<regex>: Perform simplified stack unwinding for lookahead assertions when the asserted pattern matches by muellerj2 · Pull Request #5835 · microsoft/STL (original) (raw)

This implements simplified backtracking for the case when the pattern of a lookahead assertion matches. It's kind of the equivalent of #5828 for lookahead assertions, though it's more complicated while being much less practically relevant. But I need this for the next PRs that will greatly reduce the number of allocations the matcher performs.

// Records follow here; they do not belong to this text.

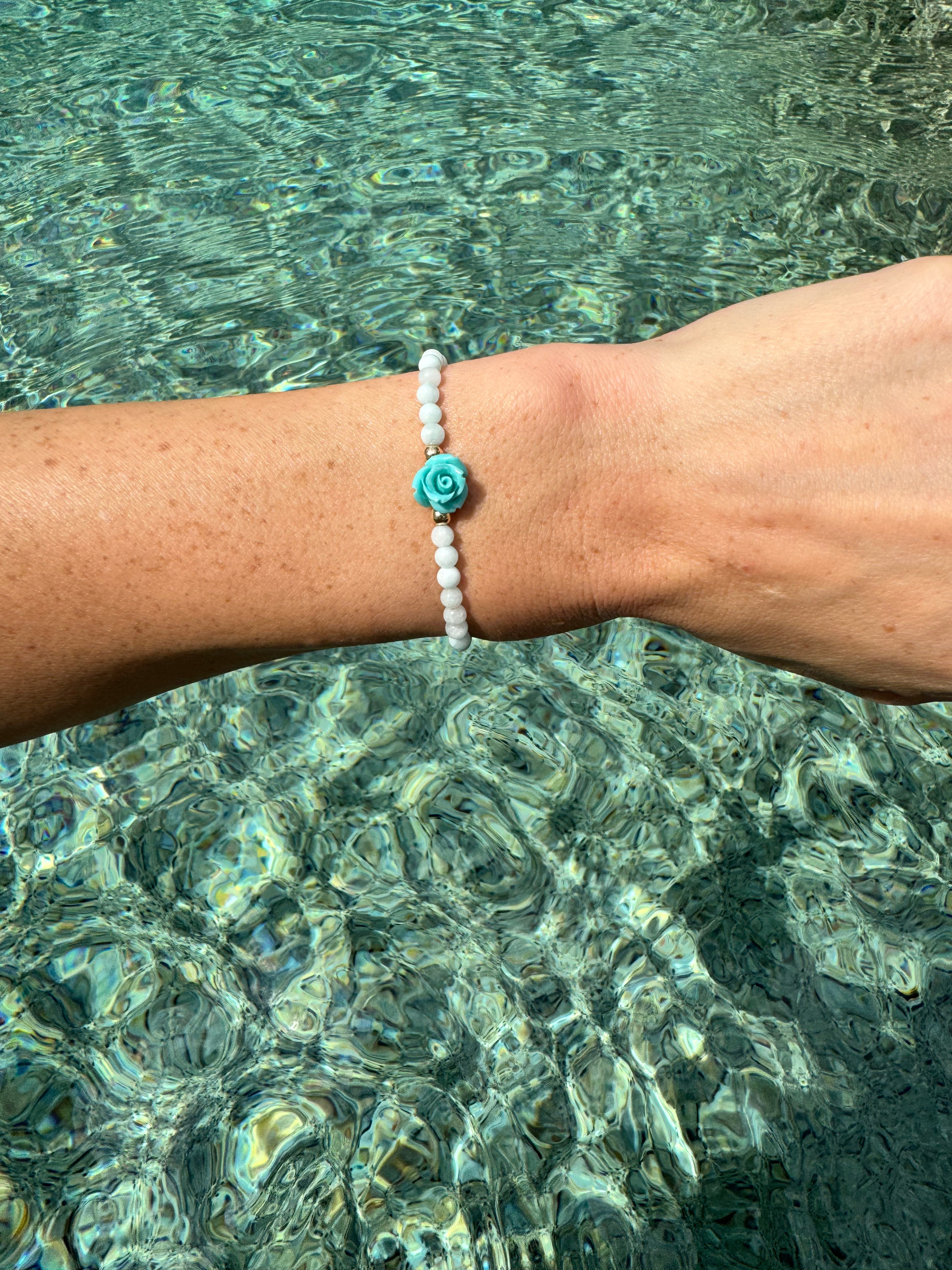 Blue Opal Rosebud Bracelet (pick your rosebud)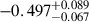 Mathematical equation: $ -0.497_{-0.067}^{+0.089} $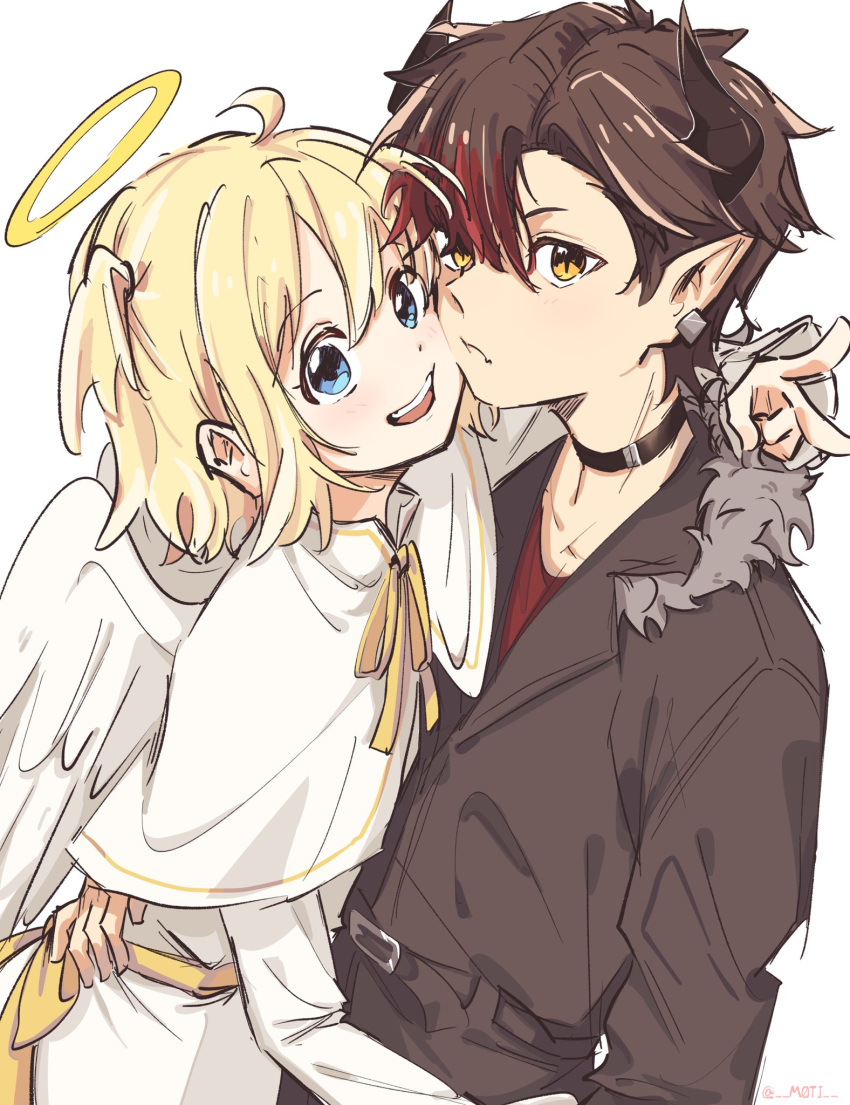 1boy 1girl ahoge angel angel_wings arm_around_neck belt_collar black_jacket blonde_hair blue_eyes brown_hair capelet collar demon demon_horns dress earrings feathered_wings halo hand_on_another's_hip highres horns hug jacket jewelry looking_at_viewer m0ti open_mouth original pointy_ears red_shirt shirt short_hair sketch slit_pupils smile twitter_username upper_body v white_background white_capelet white_dress wings yellow_eyes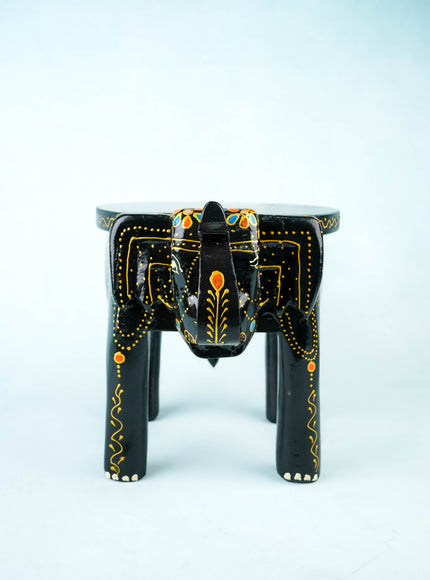 Hand Painted Elephant Stool - 8 inch - Black - WL5921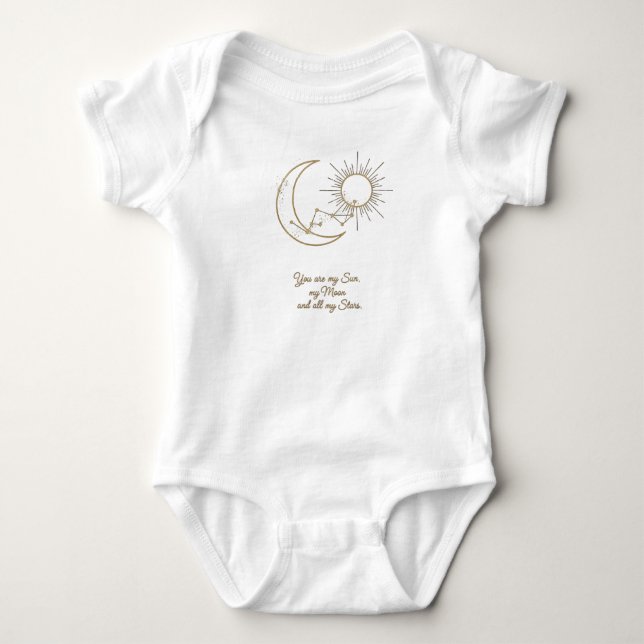 You are my Sun Moon and Stars Baby Bodysuit - Gold (Front)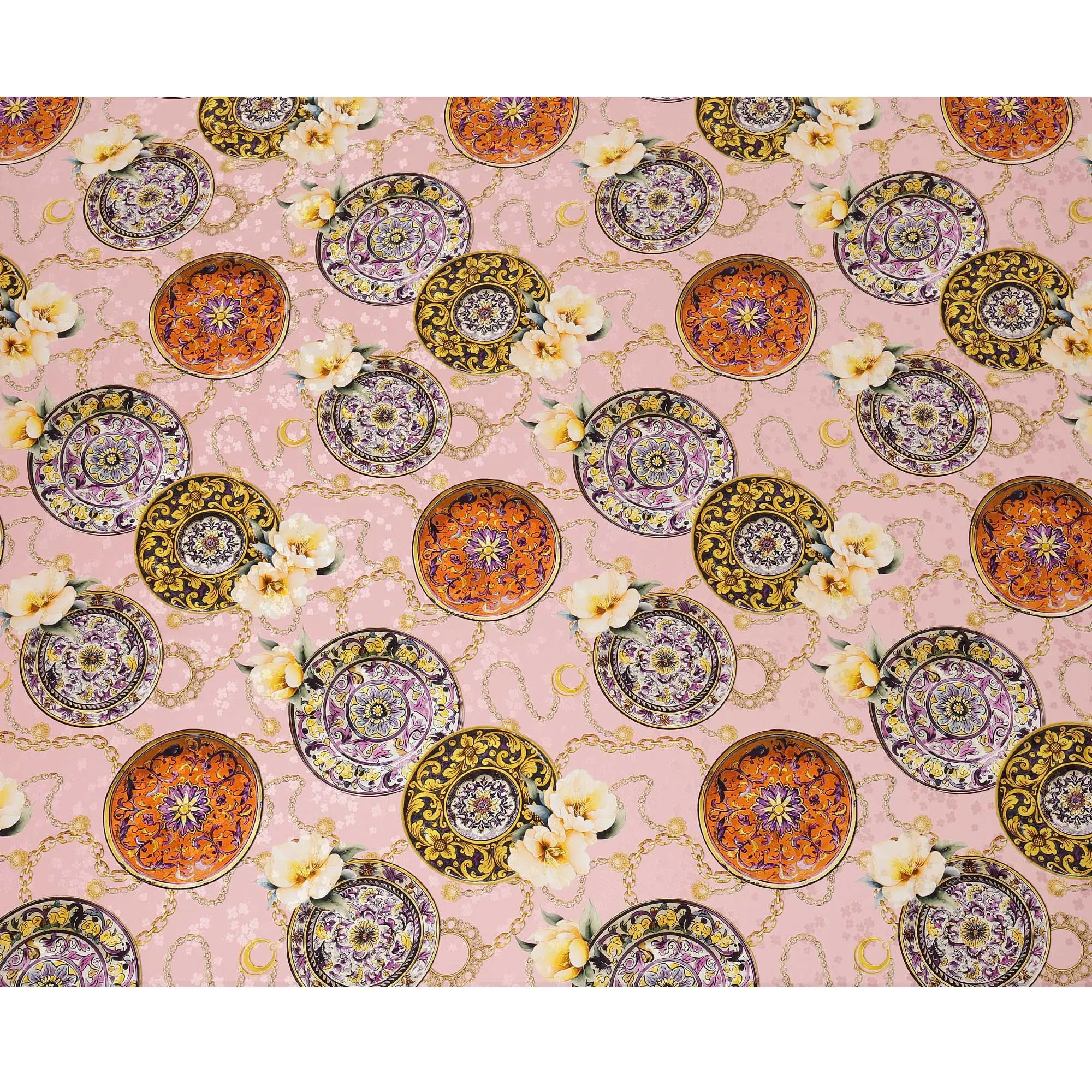 Italian Silk Satin Fabric with Ornate Medallion Design on Soft Pink Background – 150 cm Width-D20330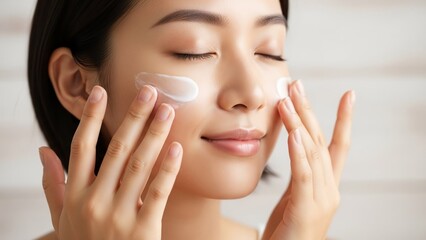 Skincare Routine A Woman Applying Cream for Hydrated and Radiant Skin with Closed Eyes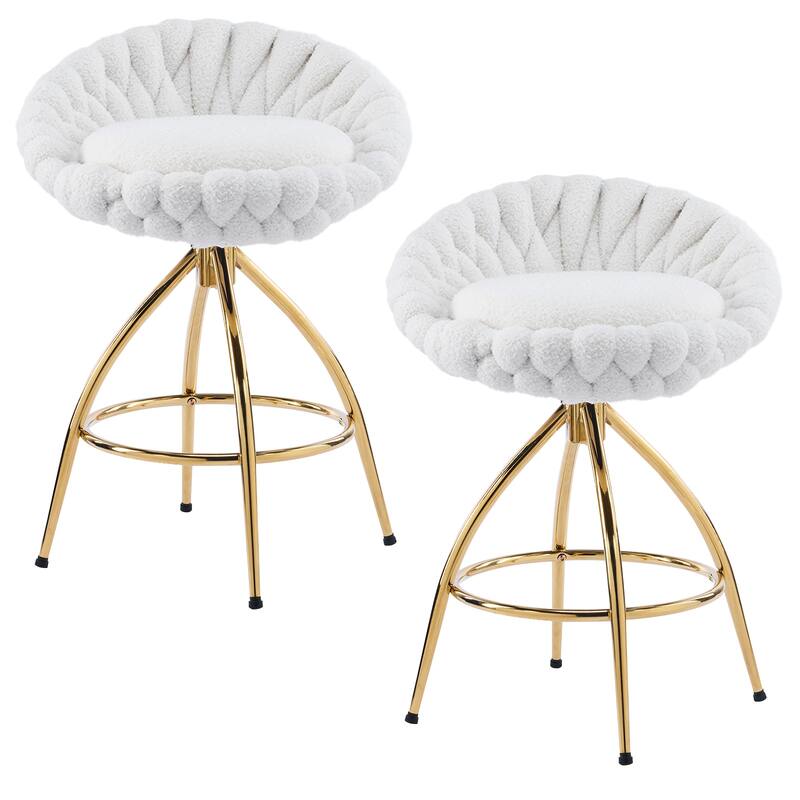 Set of 2 White Teddy Velvet Swivel Bar Stools with Cushioned Seat for Kitchen or Dining Room - 20.28" x 20.28" x 35.83"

When the pattern in a lookahead assertion matches, we know that the lookahead assertion as a whole succeeded or failed. We can then mostly skip the stack unwinding up until the stack frame that was pushed at the start of the lookahead assertion, except for the effects these stack frames have on the stack counter, because no stack unwinding opcode translates does any other work when a pattern matched in ECMAScript mode (and ECMAScript is the only regex grammar that supports lookahead assertions). Much of of the work at the end of a lookahead assertion is now also handled when processing the _N_end_assert node and no longer when processing the unwinding opcodes _After_assert and _After_neg_assert.

You might notice that we could actually avoid the new loop in _N_end_assert if we kept track of the stack usage counts and the positions of the _After_assert and _After_neg_assert stack frames. But I will have to add a variant of this loop in the PR after the next one anyway, so it doesn't seem worth it to spend much effort on avoiding this loop.